EDITORIAL / NYTIMES
July 12, 2005
A Halfway Measure on College Loans
The Republican Congressional leadership had to be dragged, kicking and screaming, but it has finally pledged to do the right thing and close an appalling loophole that permits lenders to skim billions from college loans, money that should be going directly to students. The loophole, which guarantees lenders a mammoth 9.5 percent return on loans for which the prevailing rate is 3.5 percent, is especially outrageous at a time when college aid is falling far short of the national need.

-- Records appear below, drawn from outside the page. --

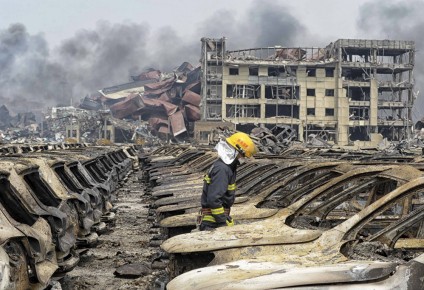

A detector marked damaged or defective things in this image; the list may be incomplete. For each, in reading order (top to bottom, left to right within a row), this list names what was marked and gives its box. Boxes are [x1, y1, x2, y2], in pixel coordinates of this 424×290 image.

damaged facade [200, 38, 416, 146]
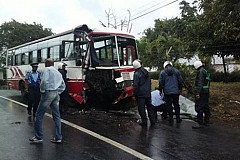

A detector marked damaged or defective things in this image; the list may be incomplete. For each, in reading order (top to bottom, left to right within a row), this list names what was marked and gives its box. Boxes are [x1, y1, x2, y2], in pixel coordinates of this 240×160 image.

damaged bus [6, 24, 139, 110]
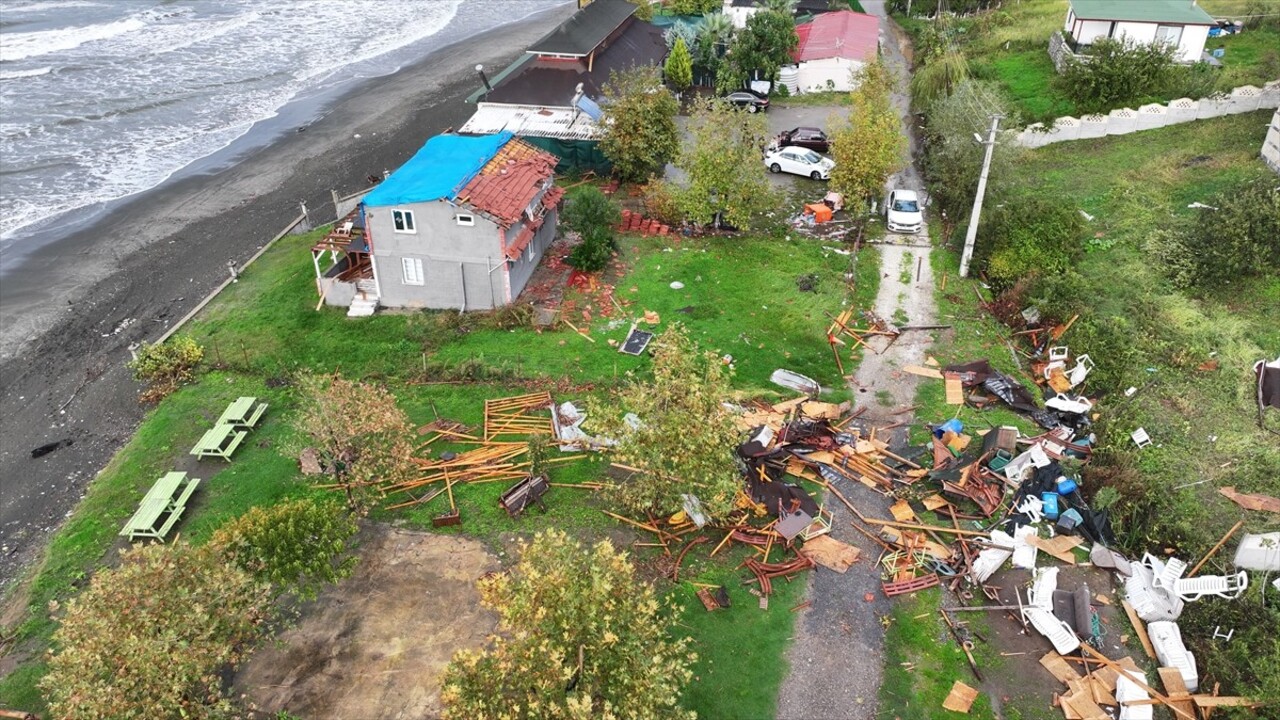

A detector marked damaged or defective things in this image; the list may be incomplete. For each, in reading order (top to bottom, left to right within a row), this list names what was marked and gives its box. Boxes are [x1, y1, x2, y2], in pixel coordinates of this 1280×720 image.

broken furniture [119, 472, 200, 540]
broken furniture [500, 472, 552, 516]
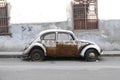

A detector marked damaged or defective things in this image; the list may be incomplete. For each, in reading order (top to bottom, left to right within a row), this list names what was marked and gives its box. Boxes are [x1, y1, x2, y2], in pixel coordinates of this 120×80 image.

rusted metal panel [72, 0, 98, 29]
rusty car [22, 28, 103, 61]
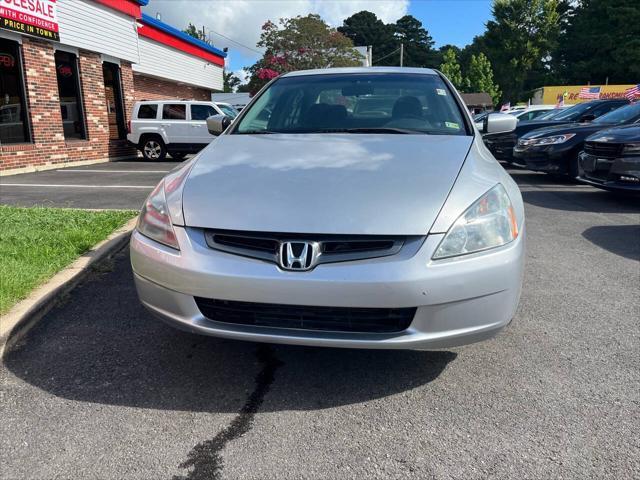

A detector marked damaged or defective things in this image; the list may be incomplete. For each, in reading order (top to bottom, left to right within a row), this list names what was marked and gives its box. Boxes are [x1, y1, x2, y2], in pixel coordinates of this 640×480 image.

crack in asphalt [175, 344, 284, 480]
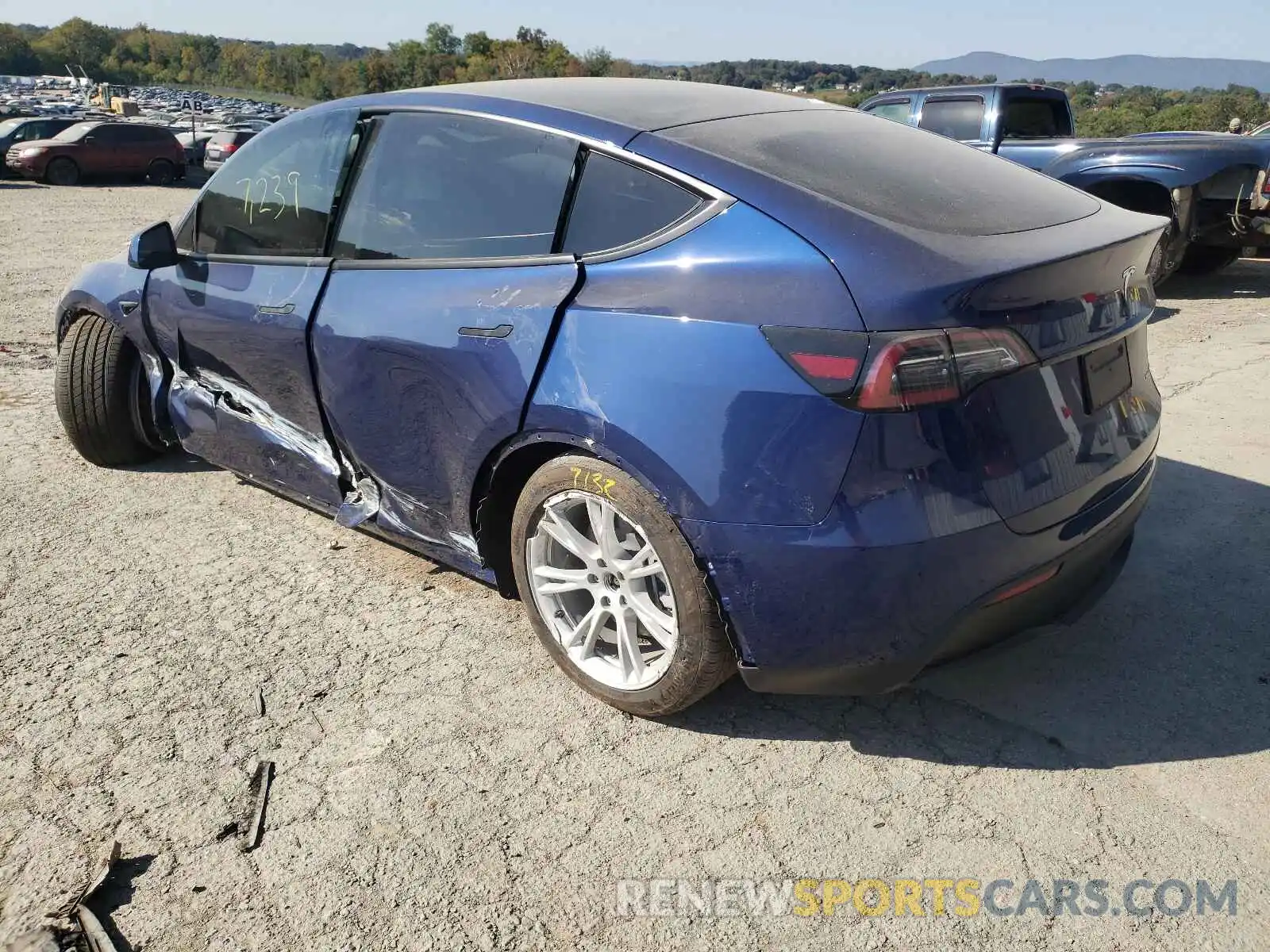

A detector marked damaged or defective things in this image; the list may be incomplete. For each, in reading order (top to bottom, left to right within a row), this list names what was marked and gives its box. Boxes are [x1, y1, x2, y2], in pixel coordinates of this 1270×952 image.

dented front door [146, 254, 345, 508]
damaged car in background [54, 80, 1163, 716]
damaged blue car [54, 80, 1163, 716]
damaged car in background [858, 83, 1270, 279]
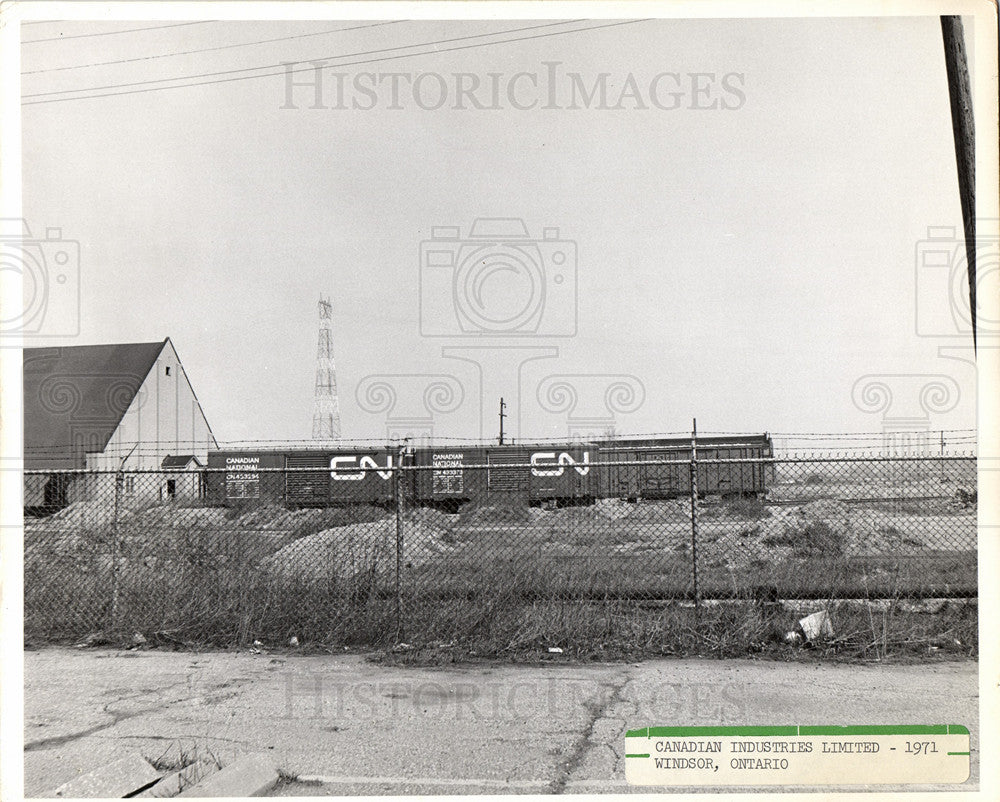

But ending this part of the giveaway is just a start. Lawmakers should also embrace a bipartisan bill, the Student Aid Reward Act, that would wean lenders and colleges off the subsidized system, known as the Federal Family Education Loan Program. Instead of offering private lenders unnecessary federal subsidies to make government-backed loans, the measure would encourage schools to use a system that would actually turn a small profit for Washington by allowing students to borrow directly from the government through their schools.
The lenders have done a good job of confusing lawmakers with trumped-up numbers. But analyses by the Congressional Budget Office and the Office of Management and Budget have shown that direct loans are considerably cheaper. They require no subsidies to the banks and return interest payments to the government itself.
The pending bill - sponsored by Representatives Thomas Petri, Republican of Wisconsin and George Miller, Democrat of California - would allow colleges to keep half of the money saved through direct loans. The schools would pump that money back into student aid. Such a step would be useful indeed, given that hundreds of thousands of students are being turned away from colleges for financial reasons.
An editorial on the federal student loan program misidentified Representative Thomas Petri. He is from Wisconsin, not Ohio.